DPC++ wraps all complex global objects in a special structure, called GlobalHandler. The runtime stores a global pointer to that structure, and initializes it on first call to GlobalHandler::instance() method (singleton pattern). The GlobalHandler provides getter methods to access different objects. Those objects are stored in std::unique_ptrs, that are initialized on first call to getter member function. This way DPC++ runtime ensures, that no unwanted initialization happens before object is requested.

Deinitialization is platform-specific. Upon application shutdown, the DPC++ runtime frees memory pointed by GlobalHandler global pointer, which triggers destruction of nested std::unique_ptrs.

Linux

On Linux DPC++ runtime uses __attribute__((destructor)) property with low priority value 110. This approach does not guarantee, that GlobalHandler destructor is the last thing to run, as user code may contain a similar function with the same priority value. At the same time, users may specify priorities within [101, 109] range in order to run destructor after SYCL runtime has been de-initialized.

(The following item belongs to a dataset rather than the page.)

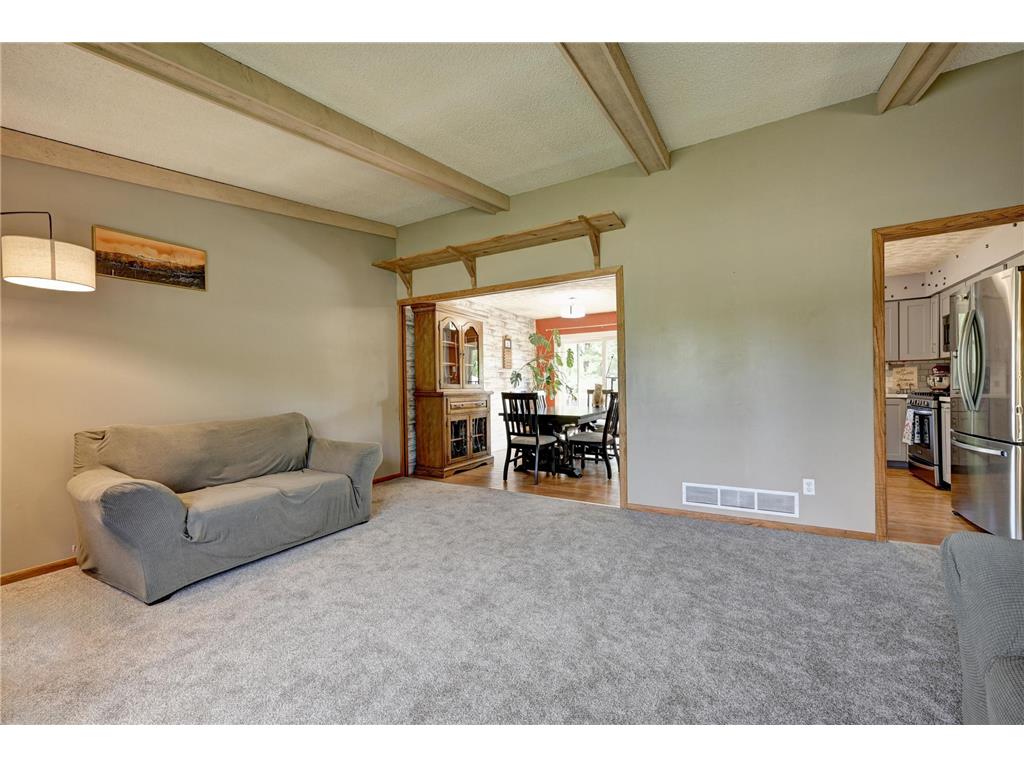 16379 Ward Lake Drive NW Andover MN 55304 7055588 image22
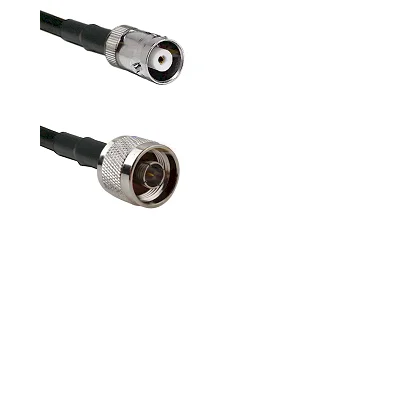 fieldcomponents202607191328462445168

A destructor without specific priority value is going to be executed before runtime shutdown mechanisms.

Another approach would be to leak global objects. This would guarantee user, that global objects live long enough. But some global objects allocate heap memory. If user application uses dlopen and dlclose on libsycl.so many times, the memory leak may impact code performance.

Windows

To identify shutdown moment on Windows, DPC++ runtime uses default DllMain function with DLL_PROCESS_DETACH reason. This guarantees, that global objects deinitialization happens right before sycl.dll is unloaded from process address space.

Recommendations for DPC++ runtime developers

There are a few things to keep in mind, when developing DPC++ runtime:

  • It is fine to have global objects with trivial constructor and destructor. These objects can be zero initialized, and there’s no deinitialization procedure for such objects. This is why int, bool, and other objects of trivial types are not wrapped with GlobalHandler.

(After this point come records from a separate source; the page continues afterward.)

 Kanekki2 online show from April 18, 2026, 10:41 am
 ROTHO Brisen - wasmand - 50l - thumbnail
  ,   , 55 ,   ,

  • std::mutex is not guaranteed to be trivial. Either wrap it with GlobalHandler or consider using sycl::detail::SpinLock, which has trivial constructor and destructor.

Adapters

Adapter lifetime is managed in two ways: on a per-adapter basis with urAdapterGet/urAdapterRelease, and on a global basis with urLoaderInit/urLoaderTearDown. A call to urAdapterRelease will make any subsequent use of the adapter in question invalid, but it does not call the dlclose equivalent on the adapter library. A call to urLoaderTearDown once all initialized adapters have been released will unload all the adapter libraries at once.

GlobalHandler::unloadPlugins calls both of these APIs in sequence in a pattern something like this (pseudo code):

for (adapter in initializedAdapters) {
  urAdapterRelease(adapter);
}
urLoaderTearDown();

Which in turn is called by either shutdown_late() or shutdown_win() depending on platform.

Low-level runtimes

Generally, DPC++ runtime has no control over its dependencies. Such libraries can have global objects of their own. If you observe problems with dependency library, please, report it to library maintainers.